■ REQUIRED ACTION: This exercise asks for a copy of each line in the records below with the word "Casa" in it.

*** Block opens ***

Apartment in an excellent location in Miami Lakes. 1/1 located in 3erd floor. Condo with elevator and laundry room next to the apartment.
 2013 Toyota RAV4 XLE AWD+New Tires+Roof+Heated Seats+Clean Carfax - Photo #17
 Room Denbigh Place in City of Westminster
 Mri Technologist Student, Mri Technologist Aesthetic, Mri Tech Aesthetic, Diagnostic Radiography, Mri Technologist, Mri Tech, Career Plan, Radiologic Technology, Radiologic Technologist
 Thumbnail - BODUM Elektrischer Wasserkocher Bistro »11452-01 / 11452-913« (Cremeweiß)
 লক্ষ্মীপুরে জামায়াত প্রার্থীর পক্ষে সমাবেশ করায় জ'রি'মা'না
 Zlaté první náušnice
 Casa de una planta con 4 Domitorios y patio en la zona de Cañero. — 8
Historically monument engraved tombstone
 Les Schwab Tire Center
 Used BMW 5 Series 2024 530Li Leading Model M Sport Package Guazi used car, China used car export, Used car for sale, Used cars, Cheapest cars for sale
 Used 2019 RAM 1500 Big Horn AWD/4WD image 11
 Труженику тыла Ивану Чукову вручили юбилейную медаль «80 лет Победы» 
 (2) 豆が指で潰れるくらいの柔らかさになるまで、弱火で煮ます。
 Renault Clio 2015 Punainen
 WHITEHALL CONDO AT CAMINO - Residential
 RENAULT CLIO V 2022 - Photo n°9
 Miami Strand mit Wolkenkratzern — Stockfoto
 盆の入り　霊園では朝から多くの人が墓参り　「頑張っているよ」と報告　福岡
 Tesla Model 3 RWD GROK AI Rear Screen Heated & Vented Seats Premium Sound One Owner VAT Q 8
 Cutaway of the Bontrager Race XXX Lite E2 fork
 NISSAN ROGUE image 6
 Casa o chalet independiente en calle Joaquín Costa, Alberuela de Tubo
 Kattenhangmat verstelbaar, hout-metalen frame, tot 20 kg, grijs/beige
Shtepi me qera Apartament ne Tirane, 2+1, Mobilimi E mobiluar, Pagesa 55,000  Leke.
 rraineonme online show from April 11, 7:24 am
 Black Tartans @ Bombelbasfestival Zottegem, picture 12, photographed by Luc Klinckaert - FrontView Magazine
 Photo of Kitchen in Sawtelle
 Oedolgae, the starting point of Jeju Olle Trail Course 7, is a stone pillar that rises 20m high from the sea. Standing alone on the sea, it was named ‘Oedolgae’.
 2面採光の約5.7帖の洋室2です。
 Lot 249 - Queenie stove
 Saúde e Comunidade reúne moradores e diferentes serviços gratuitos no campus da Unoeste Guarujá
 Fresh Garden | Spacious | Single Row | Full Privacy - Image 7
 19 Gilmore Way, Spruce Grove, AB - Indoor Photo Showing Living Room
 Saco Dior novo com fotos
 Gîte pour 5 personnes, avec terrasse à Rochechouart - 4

*** Block closes ***

■ RESULT OF THIS TASK:
 Casa de una planta con 4 Domitorios y patio en la zona de Cañero. — 8
 Casa o chalet independiente en calle Joaquín Costa, Alberuela de Tubo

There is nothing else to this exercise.